It was the kind of suffering you cannot always explain with
words. His heart had been wounded many times-by grief, by separation, by
distance, by time. He had known love and he had known loss.
After his wife’s passing, he tried to rebuild. He found love
again with a Filipino partner, and they had a daughter. But that too was taken
from him-mother and child moved away, to the Philippines, and he never saw the
little one again. That toddler had become his new light, and when she left,
something inside him broke even more.
His relationship with his older children had grown strained over
time. Life happens. Distance happens.
Wounds do not always get a chance to heal. His daughters had
chosen to walk their own path, and even Lawrence-his only son-had grown
distant. But Lawrence never fully let go. They would still speak, every so
often.
When Patrick died, the county prepared to cremate him. No one
had claimed the body.
But then, Lawrence showed up.
He lives in Las Vegas now, working, trying to figure life out
like many 28-year-olds do. The last time he visited Kenya, he was just seven.
That was the last time he saw his grandmother-Patrick’s mother.
And in an unbearably cruel twist of fate, today, Patrick’s
mother-overwhelmed by grief, collapsed and passed away too. She had just
escorted mourners who had come to support her for losing a son.
I came to know of this story after a post on Wanderlust called
for any Kenyan in Los Angeles who could help. I reached out. I was connected to
Wambui, who then shared Lawrence’s number. After several tries, I finally got
through to him.
Lawrence opened up to me about his father. He told me about the
man who once served two tours of duty in the U.S. Marines. A man who wanted the
very best for his children. Life after the military changed him-perhaps in ways
not even he understood. But beneath all the layers of pain and distance,
Lawrence still saw his dad as a good man.

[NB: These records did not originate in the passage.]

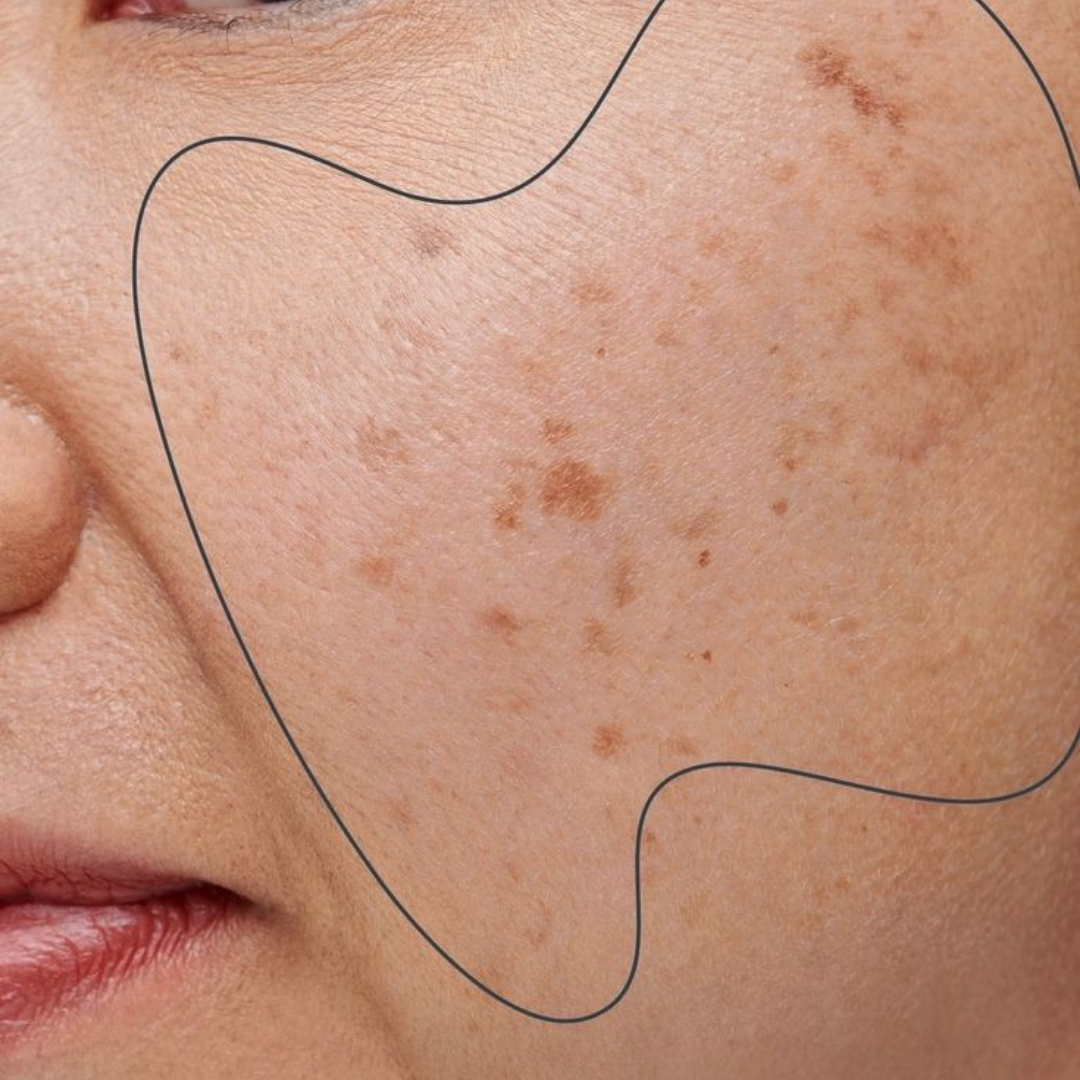Pigmentation & Dark Spots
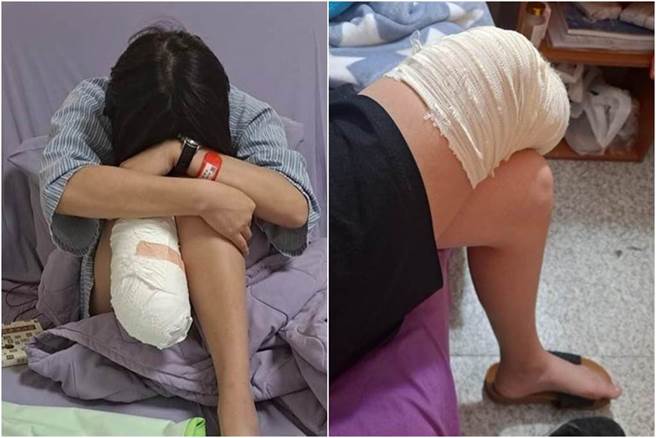 截肢女孩深夜發文「想念我的右腿」網心疼：表示難過時，可以哭，但記得很多人願意陪著你。(報系資料照)
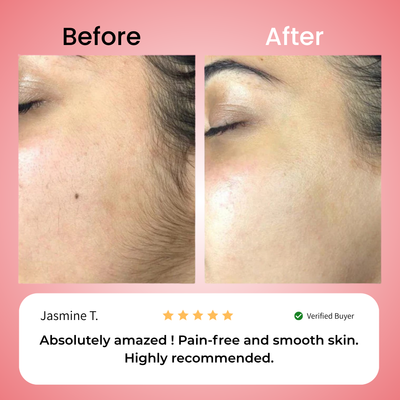 Primrose – Nicor™  Facial Hair Removal Kit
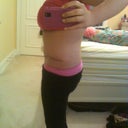 3 Months Post Op- Right Side View of Incision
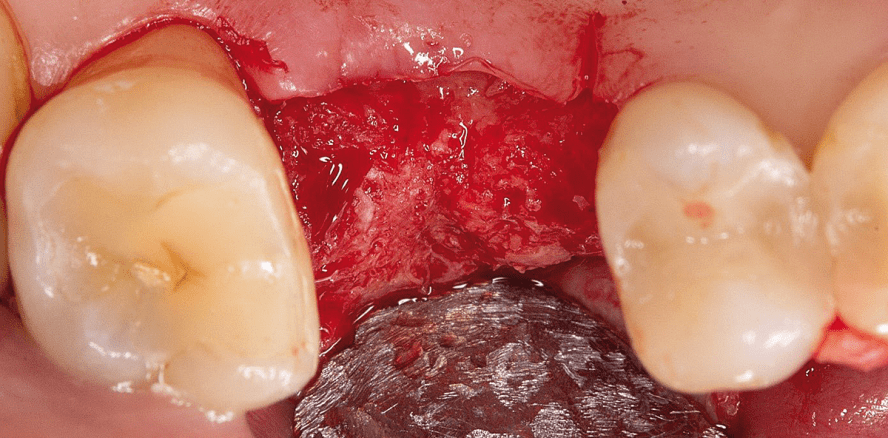 Klinische Erfahrungen mit resorbierbaren Kollagenmembranen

Today, Lawrence is grieving not just a father and grandmother,
but the complicated weight of everything that was, and everything that could
have been. Yet in his voice, I also heard something else-hope. Because now, the
Kenyan community has surrounded him. A WhatsApp group is up. Plans are
underway. People are showing up. Not for a headline, not for attention-but
because this is what community does. This is who we are.
Patrick’s relatives had hoped to come to America to send off
their son. Now they must bury his mother instead. And his father-an old man
now-must be comforted in Kenya with this double heartbreak.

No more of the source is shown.